→ MATERIAL PROVIDED
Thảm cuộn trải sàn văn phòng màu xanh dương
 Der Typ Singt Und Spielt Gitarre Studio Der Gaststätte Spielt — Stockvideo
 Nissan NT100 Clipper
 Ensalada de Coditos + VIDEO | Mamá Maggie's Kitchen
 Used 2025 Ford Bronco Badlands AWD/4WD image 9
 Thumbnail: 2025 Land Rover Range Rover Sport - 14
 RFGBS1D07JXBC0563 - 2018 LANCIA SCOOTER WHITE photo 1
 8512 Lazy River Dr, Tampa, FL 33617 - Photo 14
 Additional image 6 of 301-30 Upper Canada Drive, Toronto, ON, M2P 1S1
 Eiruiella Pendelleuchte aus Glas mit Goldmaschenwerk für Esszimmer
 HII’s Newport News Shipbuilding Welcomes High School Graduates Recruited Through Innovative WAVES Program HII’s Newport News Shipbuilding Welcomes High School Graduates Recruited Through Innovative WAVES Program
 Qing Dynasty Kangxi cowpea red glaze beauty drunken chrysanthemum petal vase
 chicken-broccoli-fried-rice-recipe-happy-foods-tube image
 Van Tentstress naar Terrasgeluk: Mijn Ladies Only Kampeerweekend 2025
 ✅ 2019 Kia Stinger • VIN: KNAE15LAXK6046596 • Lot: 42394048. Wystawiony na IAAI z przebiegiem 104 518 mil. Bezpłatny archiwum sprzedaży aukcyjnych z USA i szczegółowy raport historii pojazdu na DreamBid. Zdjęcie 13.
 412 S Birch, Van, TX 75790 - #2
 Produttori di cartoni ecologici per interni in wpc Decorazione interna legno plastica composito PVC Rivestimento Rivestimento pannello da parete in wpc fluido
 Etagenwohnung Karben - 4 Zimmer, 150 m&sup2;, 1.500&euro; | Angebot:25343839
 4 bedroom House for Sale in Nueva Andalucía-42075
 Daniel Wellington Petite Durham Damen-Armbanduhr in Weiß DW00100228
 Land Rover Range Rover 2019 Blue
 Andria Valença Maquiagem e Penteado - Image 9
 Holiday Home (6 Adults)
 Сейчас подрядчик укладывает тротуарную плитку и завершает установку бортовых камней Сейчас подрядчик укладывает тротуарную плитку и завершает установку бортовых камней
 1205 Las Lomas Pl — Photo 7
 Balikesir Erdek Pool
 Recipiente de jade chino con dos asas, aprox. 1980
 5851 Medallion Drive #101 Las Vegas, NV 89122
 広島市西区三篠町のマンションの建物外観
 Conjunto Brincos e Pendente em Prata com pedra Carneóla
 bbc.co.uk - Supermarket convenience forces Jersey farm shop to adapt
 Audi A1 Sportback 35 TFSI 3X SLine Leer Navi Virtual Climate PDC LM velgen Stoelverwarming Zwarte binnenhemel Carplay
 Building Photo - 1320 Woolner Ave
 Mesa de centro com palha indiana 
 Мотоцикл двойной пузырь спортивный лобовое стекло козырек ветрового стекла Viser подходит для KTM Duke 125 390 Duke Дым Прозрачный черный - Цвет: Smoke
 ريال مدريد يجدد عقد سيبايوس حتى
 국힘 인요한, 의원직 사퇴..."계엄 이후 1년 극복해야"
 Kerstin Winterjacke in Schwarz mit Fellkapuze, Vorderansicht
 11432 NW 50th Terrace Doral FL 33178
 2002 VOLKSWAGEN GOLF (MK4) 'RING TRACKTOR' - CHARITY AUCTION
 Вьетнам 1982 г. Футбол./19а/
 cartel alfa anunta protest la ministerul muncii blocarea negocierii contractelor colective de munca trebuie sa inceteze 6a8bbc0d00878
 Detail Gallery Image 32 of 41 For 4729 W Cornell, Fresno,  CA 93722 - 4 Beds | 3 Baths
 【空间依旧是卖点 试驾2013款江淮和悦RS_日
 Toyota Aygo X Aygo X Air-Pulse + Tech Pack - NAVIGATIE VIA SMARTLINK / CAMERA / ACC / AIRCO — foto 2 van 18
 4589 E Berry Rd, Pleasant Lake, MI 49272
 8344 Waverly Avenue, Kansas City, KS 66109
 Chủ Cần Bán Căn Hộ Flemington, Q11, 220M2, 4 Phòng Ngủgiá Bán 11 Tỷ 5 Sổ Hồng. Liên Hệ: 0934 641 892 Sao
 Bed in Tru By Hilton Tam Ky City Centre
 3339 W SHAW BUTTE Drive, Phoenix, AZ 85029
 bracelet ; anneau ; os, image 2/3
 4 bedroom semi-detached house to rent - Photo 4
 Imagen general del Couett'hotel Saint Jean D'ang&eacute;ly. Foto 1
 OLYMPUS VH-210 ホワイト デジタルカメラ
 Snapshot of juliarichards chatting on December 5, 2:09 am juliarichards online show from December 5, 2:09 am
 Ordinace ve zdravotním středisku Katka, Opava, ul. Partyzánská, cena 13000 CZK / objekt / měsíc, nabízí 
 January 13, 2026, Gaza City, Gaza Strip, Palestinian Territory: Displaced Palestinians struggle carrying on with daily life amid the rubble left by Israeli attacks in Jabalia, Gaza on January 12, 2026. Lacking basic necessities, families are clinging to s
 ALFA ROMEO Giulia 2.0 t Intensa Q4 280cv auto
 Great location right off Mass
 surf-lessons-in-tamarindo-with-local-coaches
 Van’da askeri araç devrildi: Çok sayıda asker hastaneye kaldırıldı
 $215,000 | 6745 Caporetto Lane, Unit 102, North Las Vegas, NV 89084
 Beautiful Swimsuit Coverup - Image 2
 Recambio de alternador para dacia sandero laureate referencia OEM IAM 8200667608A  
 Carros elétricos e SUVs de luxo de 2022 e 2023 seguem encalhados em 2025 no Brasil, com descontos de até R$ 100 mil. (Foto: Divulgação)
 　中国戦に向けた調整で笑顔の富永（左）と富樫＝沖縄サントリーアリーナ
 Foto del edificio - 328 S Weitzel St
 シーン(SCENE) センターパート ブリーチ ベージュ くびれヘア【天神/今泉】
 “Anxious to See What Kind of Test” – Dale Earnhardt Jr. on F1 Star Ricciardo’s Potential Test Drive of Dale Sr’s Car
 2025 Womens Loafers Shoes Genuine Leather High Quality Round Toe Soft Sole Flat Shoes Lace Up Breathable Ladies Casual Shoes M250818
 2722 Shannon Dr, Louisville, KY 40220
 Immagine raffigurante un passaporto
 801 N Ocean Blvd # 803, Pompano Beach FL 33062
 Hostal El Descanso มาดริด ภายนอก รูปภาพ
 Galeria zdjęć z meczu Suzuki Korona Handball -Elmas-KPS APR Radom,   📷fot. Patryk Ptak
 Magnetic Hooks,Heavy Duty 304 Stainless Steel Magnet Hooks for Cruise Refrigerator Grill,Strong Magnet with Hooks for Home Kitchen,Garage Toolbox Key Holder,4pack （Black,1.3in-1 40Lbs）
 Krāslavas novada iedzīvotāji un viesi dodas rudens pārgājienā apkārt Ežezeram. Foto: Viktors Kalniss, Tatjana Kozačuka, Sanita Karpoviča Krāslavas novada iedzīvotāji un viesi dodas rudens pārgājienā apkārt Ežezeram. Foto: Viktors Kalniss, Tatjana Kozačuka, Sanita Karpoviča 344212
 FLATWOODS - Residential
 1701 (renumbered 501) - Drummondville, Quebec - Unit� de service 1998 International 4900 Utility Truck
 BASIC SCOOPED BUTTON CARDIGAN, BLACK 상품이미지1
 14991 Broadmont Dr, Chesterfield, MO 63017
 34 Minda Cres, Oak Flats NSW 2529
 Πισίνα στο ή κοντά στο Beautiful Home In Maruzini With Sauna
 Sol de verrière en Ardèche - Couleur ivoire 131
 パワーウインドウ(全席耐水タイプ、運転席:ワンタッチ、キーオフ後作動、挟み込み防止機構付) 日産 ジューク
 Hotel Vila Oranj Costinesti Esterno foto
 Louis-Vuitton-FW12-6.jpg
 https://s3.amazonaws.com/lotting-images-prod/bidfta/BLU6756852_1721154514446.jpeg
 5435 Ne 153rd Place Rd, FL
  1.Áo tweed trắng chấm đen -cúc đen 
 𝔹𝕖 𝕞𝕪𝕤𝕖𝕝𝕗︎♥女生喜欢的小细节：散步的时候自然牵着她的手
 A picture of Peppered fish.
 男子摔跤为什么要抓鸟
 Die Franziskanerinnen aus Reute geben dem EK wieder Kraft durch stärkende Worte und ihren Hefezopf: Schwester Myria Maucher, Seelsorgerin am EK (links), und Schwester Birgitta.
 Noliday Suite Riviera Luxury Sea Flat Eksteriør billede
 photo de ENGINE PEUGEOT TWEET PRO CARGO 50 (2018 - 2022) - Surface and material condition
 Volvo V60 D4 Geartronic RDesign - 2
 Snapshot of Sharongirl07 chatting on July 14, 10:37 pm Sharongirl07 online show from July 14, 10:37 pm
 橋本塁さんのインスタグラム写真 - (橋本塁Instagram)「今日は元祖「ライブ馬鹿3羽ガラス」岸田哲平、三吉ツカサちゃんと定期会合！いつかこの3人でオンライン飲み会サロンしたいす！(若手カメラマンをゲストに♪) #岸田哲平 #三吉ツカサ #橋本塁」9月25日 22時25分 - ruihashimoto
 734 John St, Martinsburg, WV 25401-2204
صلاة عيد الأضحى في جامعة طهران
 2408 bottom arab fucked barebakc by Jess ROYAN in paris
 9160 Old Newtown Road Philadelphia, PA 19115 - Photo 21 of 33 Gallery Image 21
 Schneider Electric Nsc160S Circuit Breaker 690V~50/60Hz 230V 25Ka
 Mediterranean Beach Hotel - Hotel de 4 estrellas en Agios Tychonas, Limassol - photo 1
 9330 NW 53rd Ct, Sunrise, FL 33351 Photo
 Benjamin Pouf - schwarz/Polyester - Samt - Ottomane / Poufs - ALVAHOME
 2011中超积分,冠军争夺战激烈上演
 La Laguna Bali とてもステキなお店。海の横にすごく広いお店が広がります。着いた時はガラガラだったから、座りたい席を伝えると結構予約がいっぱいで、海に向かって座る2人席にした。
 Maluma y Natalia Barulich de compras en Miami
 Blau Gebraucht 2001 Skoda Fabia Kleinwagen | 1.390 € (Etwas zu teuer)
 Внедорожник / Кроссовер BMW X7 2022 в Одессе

→ WHAT THIS TASK INVOLVES
In the listing above, find the line with "Hotel Vila Oranj Costinesti Esterno foto" and the line with "Snapshot of Sharongirl07", then print exactly those lines and every line between them.

→ SOLUTION TO THIS EXERCISE
 Hotel Vila Oranj Costinesti Esterno foto
 Louis-Vuitton-FW12-6.jpg
 https://s3.amazonaws.com/lotting-images-prod/bidfta/BLU6756852_1721154514446.jpeg
 5435 Ne 153rd Place Rd, FL
  1.Áo tweed trắng chấm đen -cúc đen 
 𝔹𝕖 𝕞𝕪𝕤𝕖𝕝𝕗︎♥女生喜欢的小细节：散步的时候自然牵着她的手
 A picture of Peppered fish.
 男子摔跤为什么要抓鸟
 Die Franziskanerinnen aus Reute geben dem EK wieder Kraft durch stärkende Worte und ihren Hefezopf: Schwester Myria Maucher, Seelsorgerin am EK (links), und Schwester Birgitta.
 Noliday Suite Riviera Luxury Sea Flat Eksteriør billede
 photo de ENGINE PEUGEOT TWEET PRO CARGO 50 (2018 - 2022) - Surface and material condition
 Volvo V60 D4 Geartronic RDesign - 2
 Snapshot of Sharongirl07 chatting on July 14, 10:37 pm Sharongirl07 online show from July 14, 10:37 pm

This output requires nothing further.